Records from a data collection
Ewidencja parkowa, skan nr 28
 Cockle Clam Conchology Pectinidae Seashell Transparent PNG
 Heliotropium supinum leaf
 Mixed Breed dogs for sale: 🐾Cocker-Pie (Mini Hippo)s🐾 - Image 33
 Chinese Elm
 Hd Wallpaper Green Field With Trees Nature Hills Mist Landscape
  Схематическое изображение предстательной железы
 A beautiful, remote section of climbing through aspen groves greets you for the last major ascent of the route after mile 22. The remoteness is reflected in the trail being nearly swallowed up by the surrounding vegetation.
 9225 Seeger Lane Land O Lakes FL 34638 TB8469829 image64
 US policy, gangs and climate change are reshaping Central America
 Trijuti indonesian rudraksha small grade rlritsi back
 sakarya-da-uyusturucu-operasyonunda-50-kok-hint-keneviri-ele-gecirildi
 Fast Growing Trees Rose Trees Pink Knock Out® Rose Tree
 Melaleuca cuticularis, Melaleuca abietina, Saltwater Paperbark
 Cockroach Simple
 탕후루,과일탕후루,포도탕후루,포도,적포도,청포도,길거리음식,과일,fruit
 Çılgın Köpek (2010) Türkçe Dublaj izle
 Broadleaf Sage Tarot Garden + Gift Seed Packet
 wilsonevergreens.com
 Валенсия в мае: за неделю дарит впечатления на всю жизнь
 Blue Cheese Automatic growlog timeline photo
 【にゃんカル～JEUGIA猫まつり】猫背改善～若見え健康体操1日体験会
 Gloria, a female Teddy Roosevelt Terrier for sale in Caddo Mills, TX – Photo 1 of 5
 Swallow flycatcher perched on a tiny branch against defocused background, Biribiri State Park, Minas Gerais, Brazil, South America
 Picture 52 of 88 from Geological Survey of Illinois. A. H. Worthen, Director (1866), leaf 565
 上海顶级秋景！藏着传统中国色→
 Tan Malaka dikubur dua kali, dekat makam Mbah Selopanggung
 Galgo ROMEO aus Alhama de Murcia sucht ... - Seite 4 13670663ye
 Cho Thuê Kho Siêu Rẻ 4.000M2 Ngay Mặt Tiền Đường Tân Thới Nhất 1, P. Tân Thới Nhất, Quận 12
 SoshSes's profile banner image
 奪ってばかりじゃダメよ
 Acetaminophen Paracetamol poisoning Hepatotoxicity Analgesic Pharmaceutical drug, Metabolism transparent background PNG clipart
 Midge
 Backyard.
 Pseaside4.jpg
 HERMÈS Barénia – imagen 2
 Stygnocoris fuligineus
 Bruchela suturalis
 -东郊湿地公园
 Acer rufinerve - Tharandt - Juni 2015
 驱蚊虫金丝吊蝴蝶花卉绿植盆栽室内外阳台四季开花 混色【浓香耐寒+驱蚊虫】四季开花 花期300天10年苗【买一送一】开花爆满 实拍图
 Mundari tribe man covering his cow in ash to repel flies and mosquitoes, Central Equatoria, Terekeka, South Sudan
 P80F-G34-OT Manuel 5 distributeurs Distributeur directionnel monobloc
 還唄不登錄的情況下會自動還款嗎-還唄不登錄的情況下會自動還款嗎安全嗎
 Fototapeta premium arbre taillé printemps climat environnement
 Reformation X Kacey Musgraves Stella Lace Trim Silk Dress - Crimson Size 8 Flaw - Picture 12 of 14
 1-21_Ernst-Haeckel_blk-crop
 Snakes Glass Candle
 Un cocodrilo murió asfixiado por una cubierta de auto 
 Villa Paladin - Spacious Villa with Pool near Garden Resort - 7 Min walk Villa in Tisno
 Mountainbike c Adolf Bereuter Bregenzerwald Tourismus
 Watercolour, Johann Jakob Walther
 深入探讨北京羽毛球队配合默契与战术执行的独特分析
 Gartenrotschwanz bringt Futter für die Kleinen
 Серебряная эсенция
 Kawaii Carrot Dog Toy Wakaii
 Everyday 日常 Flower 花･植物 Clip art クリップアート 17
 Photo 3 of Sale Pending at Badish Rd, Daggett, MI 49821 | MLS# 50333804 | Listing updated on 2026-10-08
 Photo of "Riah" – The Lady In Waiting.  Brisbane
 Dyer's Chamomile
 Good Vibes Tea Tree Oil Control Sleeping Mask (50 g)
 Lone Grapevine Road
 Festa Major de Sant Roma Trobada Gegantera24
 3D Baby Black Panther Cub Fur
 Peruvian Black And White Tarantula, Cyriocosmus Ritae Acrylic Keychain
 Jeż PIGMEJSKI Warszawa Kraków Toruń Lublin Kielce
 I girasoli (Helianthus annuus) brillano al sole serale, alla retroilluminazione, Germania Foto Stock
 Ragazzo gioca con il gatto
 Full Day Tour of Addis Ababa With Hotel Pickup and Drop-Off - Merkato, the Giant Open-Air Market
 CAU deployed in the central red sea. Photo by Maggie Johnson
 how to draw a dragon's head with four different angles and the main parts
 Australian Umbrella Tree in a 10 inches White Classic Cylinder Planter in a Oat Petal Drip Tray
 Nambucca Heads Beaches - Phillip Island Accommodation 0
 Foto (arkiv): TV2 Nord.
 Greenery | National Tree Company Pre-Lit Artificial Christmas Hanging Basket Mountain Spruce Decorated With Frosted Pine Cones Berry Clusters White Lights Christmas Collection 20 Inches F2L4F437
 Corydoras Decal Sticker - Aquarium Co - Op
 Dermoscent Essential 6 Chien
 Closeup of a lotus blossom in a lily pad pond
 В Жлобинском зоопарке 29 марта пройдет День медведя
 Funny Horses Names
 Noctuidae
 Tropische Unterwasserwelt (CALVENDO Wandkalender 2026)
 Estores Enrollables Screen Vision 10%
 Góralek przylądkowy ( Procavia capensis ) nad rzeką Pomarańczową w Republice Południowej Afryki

_Work to be completed_. Indicate the number of lines in the data above that contain the string "Trees", without any additional text.

_Result of the task_. 2